How safe do you feel outdoors? How much of that is because of your gender identity? If you are male, chances are, you can walk in the park with no fear of any kind. For women in this country though access to public spaces is a double edged sword. Even today, many women do not feel safe outdoors, fearing violence, abuse and objectification. In conversation with fitletes, athletes and women who engage with sport as part of daily life, Newsclick tries to understand the extent of the menace.
safety of women working out in public

(Representational image) In India there are very few places where women can feel safe working out alone. They, invariably, end up going to the park for a jog or workout with a male companion or in groups (Pic: LBB).

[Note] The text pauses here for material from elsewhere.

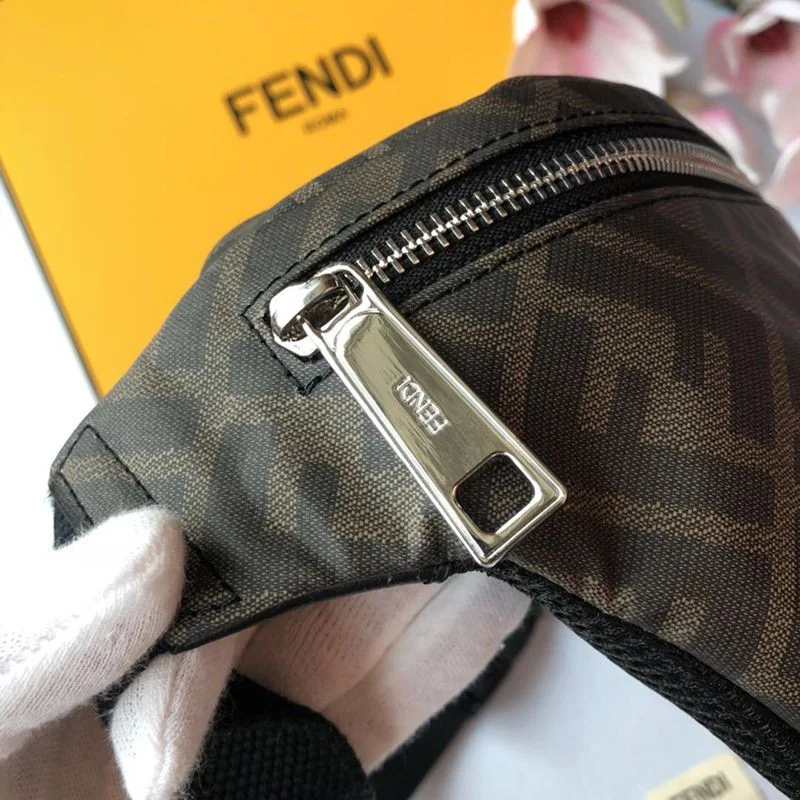 希少色フェンディ モノグラムベルトバッグ 偽物 fem72811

Harassment in public spaces is one of the most common, and on most occasions overlooked, forms of sexual violence a woman encounters. It could happen almost anywhere -- when they’re walking on the street, jogging in a park or coming back home from work. One would assume there is a safety net in crowded spaces such as public transport. But no, we know the kind of harassment that takes place on a bus, or in metros or trains. Those stories are documented on a daily basis.

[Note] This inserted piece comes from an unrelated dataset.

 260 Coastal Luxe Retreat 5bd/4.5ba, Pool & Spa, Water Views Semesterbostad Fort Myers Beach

According to the 2019 Neta Survey App, 43 percent of women have felt “unsafe” outdoors and 78 percent feel that not much effort has been made by authorities to provide a safer environment for women in India. The numbers are staggering and damning. 

Last week, a young girl on a bicycle was reportedly harassed by a man in a car in Dwarka, New Delhi. The car did not have a number plate and its back glass was also broken. The man demanded sexual favours from the girl while following her, and shouted derogatory comments at her. He also, reportedly, unzipped his pants and masturbated as he trailed her.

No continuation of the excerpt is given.